Perhaps you should, instead of just making a drive by comment on their accuracy, give me your version of the truth. 

Jun 7, 2010 3:26 pm
1- With whole life insurance, you are going to make the same premium payment over a long period of time. But With universal life insurance, you have much more flexibility with your payments.

There's an element of truth in this statement, but in the real world, usually isn't correct:

Univeral life - you have flexability in the premiums paid, but the not the mortality cost that comes due.  Example, I have my mortage payment EFT'd out of a checking account with $3,500 in it.  I can skip a deposit into my checking account for a month or two and my mortage will be paid, but that "flexability" only lasts so long before I get behind.  Now, unlike my mortage payment example, the cost of insurance cost rapidly increases as you get older.  If you utilize the "flexability" at the front end and don't take advantage of the time value of money, good luck catching up.

Whole life - contractually there may be a guaranteed level premium, but in the real world, most people buy whole life from quality participating carriers (dividend paying).  Over time, one has the ability to have their premiums off-set by the dividiends created (guaranteed, no, but if structured correctly, very likely).  Whole life can also be structured with "flexability" in payments utilizing a PUA rider.

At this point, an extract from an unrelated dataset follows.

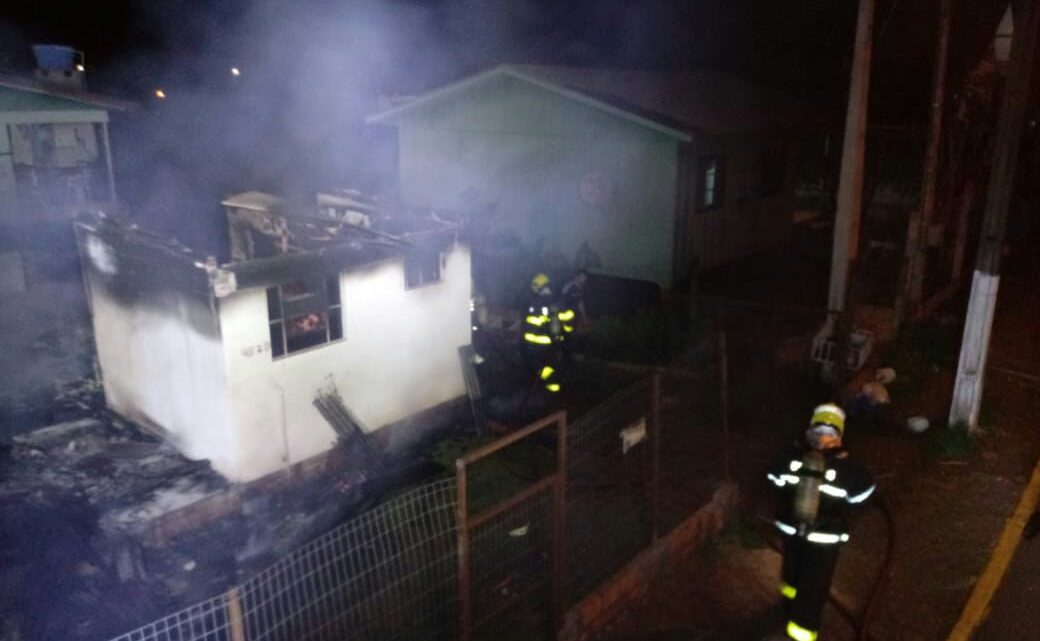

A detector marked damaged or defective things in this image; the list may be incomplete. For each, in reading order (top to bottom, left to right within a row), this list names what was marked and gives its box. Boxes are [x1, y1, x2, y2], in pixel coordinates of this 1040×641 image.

burned house [366, 64, 812, 284]
burned house [79, 195, 470, 480]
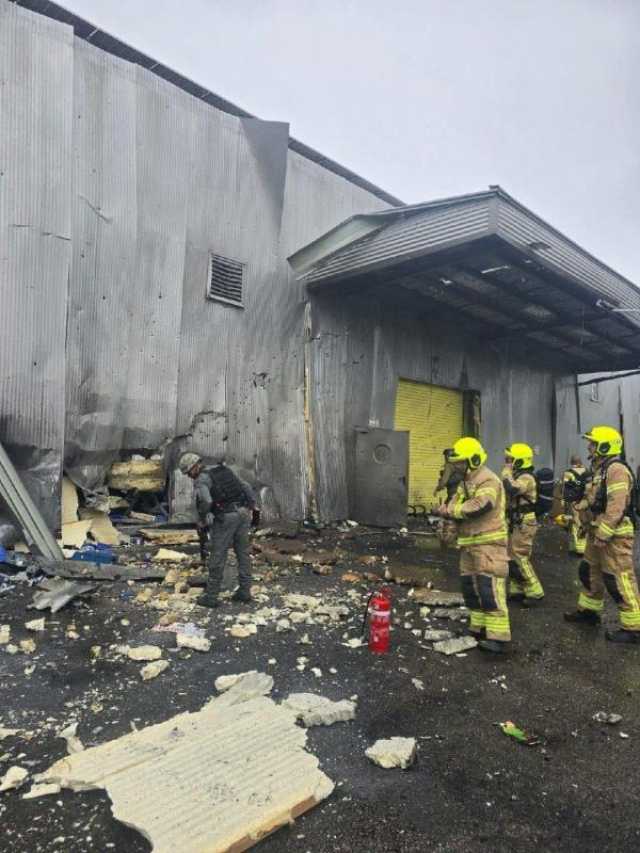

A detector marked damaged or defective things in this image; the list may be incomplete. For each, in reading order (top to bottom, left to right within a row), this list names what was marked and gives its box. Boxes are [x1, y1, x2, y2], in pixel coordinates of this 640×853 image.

2- With whole life insurance, you are going to have a fixed death benefit. But With a universal life insurance policy, your death benefit can fluctuate.

Both can have a fluctuating death benefit.  Again, if utilizing a participating carrier for whole life and a PUA's option for the dividiends, the WL death benefit will likely grow each year.  UL, not necessarily unless set up to specifically do this as the cash value grows (death benefit option #2).  Over time, a UL death benefit may increase automatically as the cash value grows to avoid a MEC contract, but not in the short run.

3- With whole life insurance, a certain part of each premium payment will go towards funding a cash account. With the universal life insurance policy, you will also be building up a cash amount.

If he's saying that both will have a cash surrender value if the policy is forfeited, then yes, both have this option.  There is no cash account on either.

Is that better?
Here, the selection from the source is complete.